Получается, что чувство виновности и раскаяния, которое Ясперс стремился пробудить в каждом человеке, утвердив его соотнесением с «трансценденцией» и углубив до сознания «метафизической вины», нужно отнюдь не «власть предержащим», как полагал сартровский Орест, а прежде всего каждому человеку. Оно необходимо для того, чтобы индивид не потерял самого себя, утратив ощущение преемственности с самим собою (со своим прошлым, а через него — с прошлым своего народа), не распылился бы в дурную бесконечность не связанных друг с другом «экзистенциальных актов», между которыми лежит бездонная пропасть «ничто». И даже если это ощущение «самотождественности», связи с самим собою «вчерашним» достигается подчас ценой мучительных переживаний, воспоминаний о том, что мы хотели бы забыть и никогда более не вспоминать, все равно человек не вправе убегать от этого чувства-сознания, если хочет сохранить основу своей «самости». Основу того, что позволяет человеку говорить о себе в первом лице единственного числа: «я».
Таким образом более резко выявляется различие между перспективой понимания человека Сартром и Ясперсом. Становится понятным, почему Ясперс противился тому, чтобы его называли модным в то время словом «экзистенциалист». В обоих случаях мы как будто имеем дело с одной и той же киркегоровской схемой — поиск спасения «на дне» отчаяния, «по ту сторону» отчаяния. Но если не ограничиваться одной только формальной стороной дела и не упустить из виду и содержательную, мы тут же заметим, что в каком-то отношении Сартр оказывается антиподом Киркегора (так же он оказался антиподом Достоевского), тогда как Ясперс представляется предельно близким к датскому мыслителю.

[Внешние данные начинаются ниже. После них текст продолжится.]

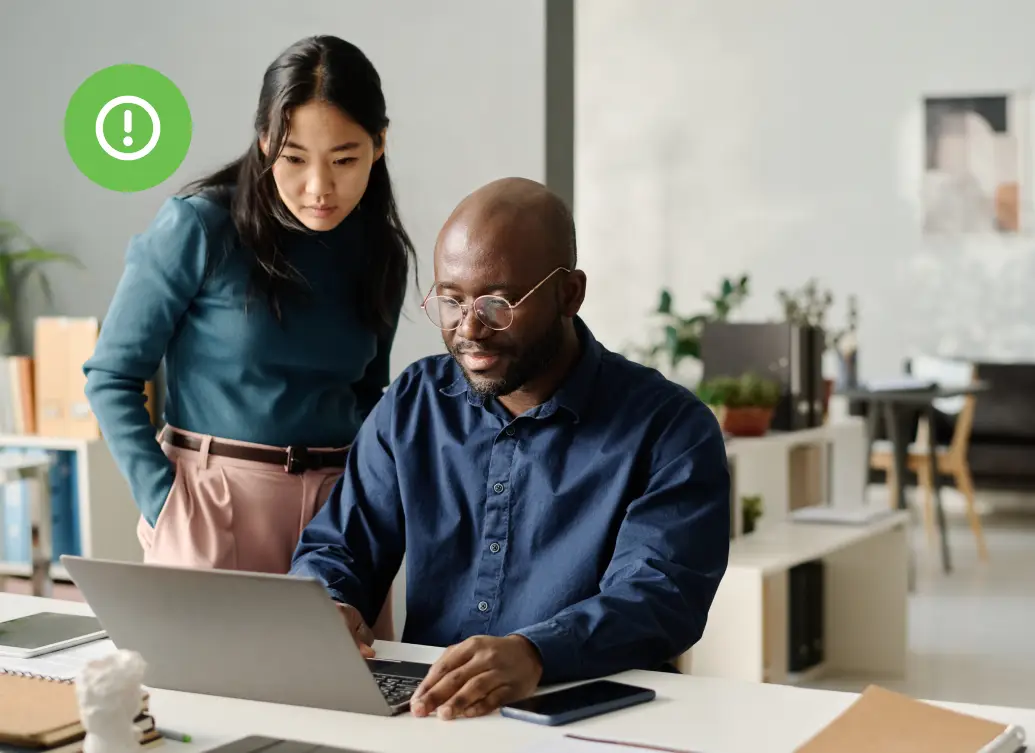 Two coworkers focus on a laptop screen in a modern office, one seated and typing while the other observes the screen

Близким настолько, насколько это вообще возможно в пределах философии, не считающей себя конфессиональной и не связывающей себя рамками ни одной из церковно-религиозных традиций.
Если Сартр — это мыслитель и художник, сделавший из трагического киркегоровского переживания «обезбожности» мира нечто вроде фрейдовского «принципа удовольствия», то у Ясперса мы сталкиваемся с диаметрально противоположным устремлением. Поскольку никакая сложившаяся у человека ситуация не освобождает его от чувства виновности и раскаяния (факт, который Раскольников, этот «неудавшийся сверхчеловек», осознал лишь после убийства старухи-процентщицы и Лизы), постольку немецкий философ и делает свой принципиальный вывод о том, что существует нечто неизмеримо более высокое, чем «вот этот», «единственный» индивид, — «трансценденция», в соотнесении с которой «экзистенция» только и становится самой собой, переставая быть чистым произволом.
Сартр совершенно прав. Человек, который за пределами своей индивидуальной свободы ощущает лишь вязкую и липкую бессмыслицу чуждого ему «в-себе (бытия»), с одной стороны, и пустоту чистого отрицания этого бытия — «небытие», «ничто» — с другой, не может, не способен почувствовать ни виновности, ни раскаяния. Раскаяние, которое было бы воистину свободным, то есть возникло бы не из боязни возмездия, «санкций» государства или общественности, возможно лишь в том случае, если на месте пустоты «ничто», на котором сартровские герои пытались утвердить свою свободу, вновь и вновь соскальзывая в пропасть «небытия», открывается «трансценденция»: то, что так же достоверно для каждого, как и его «я — есть», однако с тою же достоверностью постигается им как нечто, превышающее его со всеми его «экзистенциальными возможностями».